That is exactly what I was looking for. Thanks.laugh.png

The article talks about getting game reviewed. Do people on gamedev do code reviews or should I look elsewhere?

I think you just have to post your code in this forum (the Beginners forum) and ask for a code review.

Yes, someone on the forum is usually willing to take a look and offer pointers.

Bonus points if you have your code hosted somewhere like GitHub (plus, you'll learn about version control into the bargain).

Tristam MacDonald. Ex-BigTech Software Engineer. Future farmer. [https://trist.am]

Python 3 - Pygame

So how about taking a look at the file game test.py at my github? While this isn't a complete game there are a few basics that I made after looking up this tutorial's lesson 1 and 2. I changed a few things.

  • Any newbie silly things that I am doing?
  • Also I didn't understand what the get_image function is actually doing other than making the path os independent.

Anyone interested in having a look?

Edit:

Any newbie silly things that I am doing?

The function get_color() is one of the scariest things I have ever seen. Not because it does anything dangerous, per se, but because it relies on intimate knowledge of external state (i.e. what value you initialised the variable color to), and the name of the function gives no indication of this.

Since we are in python, I'd probably implement it more like this:


color, alternate = (255, 100, 0), (0, 128, 255) # assign both values by tuple unpacking
# ...
if (event.type == pygame.KEYDOWN and event.key == pygame.K_SPACE):
    color, alternate = alternate, color # swap values using tuple unpacking

Also I didn't understand what the get_image function is actually doing other than making the path os independent.

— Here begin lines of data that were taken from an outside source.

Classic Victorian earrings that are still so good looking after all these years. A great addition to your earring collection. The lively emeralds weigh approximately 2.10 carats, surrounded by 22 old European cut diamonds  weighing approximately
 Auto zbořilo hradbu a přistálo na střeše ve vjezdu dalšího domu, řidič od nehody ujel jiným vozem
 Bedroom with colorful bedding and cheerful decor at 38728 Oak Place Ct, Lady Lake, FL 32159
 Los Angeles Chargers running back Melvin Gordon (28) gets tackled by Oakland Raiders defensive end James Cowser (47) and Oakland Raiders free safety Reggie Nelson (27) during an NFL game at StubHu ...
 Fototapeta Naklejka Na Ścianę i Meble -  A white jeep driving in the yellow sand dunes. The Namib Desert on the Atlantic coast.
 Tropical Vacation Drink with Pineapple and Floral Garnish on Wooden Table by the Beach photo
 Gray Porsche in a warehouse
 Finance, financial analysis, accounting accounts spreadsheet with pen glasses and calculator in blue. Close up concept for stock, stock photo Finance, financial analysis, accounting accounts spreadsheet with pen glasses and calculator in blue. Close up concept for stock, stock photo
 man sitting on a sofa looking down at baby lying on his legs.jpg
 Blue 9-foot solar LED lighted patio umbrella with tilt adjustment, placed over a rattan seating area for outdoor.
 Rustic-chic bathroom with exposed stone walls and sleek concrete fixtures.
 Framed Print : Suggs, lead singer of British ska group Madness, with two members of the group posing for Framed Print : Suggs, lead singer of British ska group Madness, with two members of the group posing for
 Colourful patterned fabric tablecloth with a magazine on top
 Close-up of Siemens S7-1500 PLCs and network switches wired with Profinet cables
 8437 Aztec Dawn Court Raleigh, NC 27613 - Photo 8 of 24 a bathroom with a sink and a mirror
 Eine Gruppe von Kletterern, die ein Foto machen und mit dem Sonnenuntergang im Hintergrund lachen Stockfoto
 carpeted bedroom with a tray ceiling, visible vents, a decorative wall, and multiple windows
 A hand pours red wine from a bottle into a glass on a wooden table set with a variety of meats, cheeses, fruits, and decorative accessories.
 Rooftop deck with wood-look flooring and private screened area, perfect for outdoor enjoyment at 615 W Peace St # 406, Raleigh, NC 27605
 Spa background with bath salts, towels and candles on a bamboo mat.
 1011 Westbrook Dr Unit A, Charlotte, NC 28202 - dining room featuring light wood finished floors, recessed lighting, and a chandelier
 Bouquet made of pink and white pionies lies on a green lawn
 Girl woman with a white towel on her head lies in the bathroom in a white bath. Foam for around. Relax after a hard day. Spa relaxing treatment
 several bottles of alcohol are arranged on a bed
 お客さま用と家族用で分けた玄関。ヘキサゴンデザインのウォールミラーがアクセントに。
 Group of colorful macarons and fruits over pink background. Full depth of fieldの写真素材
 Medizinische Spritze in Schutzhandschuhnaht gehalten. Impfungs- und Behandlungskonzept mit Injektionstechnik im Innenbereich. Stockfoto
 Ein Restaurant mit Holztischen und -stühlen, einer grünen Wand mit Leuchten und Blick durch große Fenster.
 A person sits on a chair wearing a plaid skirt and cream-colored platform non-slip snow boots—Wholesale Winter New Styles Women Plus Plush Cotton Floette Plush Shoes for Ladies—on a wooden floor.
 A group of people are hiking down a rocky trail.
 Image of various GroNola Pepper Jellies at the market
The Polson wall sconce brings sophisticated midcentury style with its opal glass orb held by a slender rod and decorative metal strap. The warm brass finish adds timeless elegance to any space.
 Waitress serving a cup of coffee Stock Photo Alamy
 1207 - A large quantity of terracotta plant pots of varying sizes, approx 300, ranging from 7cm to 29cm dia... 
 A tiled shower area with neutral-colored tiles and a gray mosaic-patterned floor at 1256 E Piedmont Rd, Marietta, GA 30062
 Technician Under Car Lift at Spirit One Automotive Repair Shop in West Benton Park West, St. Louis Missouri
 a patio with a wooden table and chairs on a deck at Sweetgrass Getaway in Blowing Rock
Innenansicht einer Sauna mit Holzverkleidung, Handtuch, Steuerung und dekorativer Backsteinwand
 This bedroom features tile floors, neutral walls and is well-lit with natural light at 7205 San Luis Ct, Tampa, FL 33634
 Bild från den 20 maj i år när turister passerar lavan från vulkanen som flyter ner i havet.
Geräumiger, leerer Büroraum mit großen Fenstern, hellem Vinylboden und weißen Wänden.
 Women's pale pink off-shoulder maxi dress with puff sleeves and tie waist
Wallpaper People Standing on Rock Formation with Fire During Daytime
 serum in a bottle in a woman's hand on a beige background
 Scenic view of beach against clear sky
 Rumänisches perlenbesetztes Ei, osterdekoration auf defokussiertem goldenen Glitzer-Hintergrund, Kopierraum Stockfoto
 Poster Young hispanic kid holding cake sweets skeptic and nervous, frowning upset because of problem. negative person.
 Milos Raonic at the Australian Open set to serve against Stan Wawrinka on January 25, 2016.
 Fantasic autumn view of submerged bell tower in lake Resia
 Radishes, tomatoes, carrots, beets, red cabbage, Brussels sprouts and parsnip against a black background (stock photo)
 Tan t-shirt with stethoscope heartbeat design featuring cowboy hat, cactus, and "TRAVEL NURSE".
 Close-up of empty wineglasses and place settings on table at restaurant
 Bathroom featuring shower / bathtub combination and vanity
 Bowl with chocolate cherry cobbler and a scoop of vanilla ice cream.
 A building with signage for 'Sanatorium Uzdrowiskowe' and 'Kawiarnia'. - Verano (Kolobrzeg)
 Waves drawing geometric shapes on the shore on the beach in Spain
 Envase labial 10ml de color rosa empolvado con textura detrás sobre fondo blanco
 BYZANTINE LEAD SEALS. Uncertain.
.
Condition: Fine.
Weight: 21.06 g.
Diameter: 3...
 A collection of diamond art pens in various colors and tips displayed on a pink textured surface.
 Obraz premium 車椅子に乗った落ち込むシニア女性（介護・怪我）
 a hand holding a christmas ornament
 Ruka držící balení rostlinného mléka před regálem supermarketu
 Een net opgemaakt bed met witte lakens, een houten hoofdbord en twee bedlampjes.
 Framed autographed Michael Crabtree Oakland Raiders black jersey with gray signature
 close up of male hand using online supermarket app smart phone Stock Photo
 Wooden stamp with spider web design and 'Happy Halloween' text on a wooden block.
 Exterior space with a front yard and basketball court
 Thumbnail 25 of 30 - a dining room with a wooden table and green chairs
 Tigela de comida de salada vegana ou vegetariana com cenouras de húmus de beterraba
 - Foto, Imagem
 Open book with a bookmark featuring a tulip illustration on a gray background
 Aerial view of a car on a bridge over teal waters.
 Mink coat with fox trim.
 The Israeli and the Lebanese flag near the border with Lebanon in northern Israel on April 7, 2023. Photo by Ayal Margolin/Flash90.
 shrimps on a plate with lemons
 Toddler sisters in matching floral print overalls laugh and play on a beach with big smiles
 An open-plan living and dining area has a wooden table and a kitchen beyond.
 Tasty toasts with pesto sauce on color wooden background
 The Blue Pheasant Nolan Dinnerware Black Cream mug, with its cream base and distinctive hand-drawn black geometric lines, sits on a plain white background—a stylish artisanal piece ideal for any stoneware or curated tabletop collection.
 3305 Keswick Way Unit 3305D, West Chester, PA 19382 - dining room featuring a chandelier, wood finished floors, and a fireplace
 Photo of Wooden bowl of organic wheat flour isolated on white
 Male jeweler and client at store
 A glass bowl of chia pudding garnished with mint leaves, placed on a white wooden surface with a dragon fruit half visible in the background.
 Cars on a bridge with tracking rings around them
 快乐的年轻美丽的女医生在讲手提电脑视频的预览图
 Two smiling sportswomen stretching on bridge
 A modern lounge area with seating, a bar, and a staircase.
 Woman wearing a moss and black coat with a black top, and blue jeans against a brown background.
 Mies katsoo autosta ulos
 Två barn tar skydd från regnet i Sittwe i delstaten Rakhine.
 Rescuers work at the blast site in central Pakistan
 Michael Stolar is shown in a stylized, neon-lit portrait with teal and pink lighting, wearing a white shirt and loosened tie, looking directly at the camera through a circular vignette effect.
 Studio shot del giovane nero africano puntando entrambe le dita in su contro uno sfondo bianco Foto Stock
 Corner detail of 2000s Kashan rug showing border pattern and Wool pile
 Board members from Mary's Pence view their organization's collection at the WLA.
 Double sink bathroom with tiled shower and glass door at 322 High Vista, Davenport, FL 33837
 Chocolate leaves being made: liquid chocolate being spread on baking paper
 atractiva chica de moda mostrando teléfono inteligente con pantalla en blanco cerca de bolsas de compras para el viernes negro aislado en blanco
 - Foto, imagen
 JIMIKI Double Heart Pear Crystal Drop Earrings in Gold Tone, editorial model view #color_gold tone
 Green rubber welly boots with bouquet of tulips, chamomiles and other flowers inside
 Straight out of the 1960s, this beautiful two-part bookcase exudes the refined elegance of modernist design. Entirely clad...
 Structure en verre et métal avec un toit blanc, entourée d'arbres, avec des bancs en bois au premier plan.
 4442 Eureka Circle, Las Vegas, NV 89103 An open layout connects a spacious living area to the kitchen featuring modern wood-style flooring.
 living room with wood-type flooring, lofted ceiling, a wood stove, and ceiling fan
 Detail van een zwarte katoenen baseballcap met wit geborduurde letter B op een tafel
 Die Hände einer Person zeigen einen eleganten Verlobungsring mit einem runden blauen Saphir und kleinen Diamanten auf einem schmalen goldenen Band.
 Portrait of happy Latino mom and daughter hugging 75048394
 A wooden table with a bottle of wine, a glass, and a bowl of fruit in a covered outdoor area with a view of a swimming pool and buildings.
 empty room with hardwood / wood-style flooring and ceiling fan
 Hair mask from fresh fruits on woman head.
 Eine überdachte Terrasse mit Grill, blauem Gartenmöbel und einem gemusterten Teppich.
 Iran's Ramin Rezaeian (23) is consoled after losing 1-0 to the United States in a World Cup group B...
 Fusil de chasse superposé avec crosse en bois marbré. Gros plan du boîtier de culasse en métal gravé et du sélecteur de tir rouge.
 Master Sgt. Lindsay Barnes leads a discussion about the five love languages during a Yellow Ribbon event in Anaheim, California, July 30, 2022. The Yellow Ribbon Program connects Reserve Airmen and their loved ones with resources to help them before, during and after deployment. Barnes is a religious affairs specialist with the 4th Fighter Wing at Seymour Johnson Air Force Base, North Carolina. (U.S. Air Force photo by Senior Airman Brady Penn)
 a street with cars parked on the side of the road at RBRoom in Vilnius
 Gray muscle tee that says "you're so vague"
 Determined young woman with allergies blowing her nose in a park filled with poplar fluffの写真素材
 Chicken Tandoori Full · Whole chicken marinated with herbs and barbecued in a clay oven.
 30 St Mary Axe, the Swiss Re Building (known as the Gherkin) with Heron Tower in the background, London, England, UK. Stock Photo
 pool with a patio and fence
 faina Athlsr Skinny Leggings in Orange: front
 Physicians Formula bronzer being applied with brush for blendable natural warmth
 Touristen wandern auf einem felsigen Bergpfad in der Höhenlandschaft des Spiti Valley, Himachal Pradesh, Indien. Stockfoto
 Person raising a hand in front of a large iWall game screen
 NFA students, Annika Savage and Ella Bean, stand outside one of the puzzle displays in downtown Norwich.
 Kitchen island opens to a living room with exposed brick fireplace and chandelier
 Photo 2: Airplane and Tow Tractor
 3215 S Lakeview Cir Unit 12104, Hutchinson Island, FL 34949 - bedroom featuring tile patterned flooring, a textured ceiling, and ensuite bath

The get_image() function is mostly there to prevent you loading the same image twice. It caches every image you load in a dictionary (key'd with the file name), and if you try to load the same image file again, it will hand you the one it already loaded earlier.

Tristam MacDonald. Ex-BigTech Software Engineer. Future farmer. [https://trist.am]


The get_image() function is mostly there to prevent you loading the same image twice. It caches every image you load in a dictionary (key'd with the file name), and if you try to load the same image file again, it will hand you the one it already loaded earlier.

I get that now but isn't it a little flawed? I mean shouldn't the canonical path be calculated before the first assignment to image variable. If it is done after that then actually there is no problem as the dictionary is updated with the same value but the image is loaded again.

I mean wouldn't something like this be better.


_image_library = {}
def get_image(path):
    global _image_library

    path = path.replace('/', os.sep).replace('\\', os.sep)
    image = _image_library.get(path)
    if image == None:
        _image_library[path] = pygame.image.load(path)
        image = _image_library.get(path)
    return image


I get that now but isn't it a little flawed? I mean shouldn't the canonical path be calculated before the first assignment to image variable. If it is done after that then actually there is no problem as the dictionary is updated with the same value but the image is loaded again.

If you look at it carefully, you'll note that even after deriving the canonical path, they still use the original (unchanged) path as the dictionary key.

It's a fair point that it might be better to use the canonical path as the key - at the very least, it would catch cases where the user passes in both the unix-style and windows-style paths at different times. That said, calculating the canonical path isn't free, so you might prefer to keep the current version, which is very fast in the already-loaded case.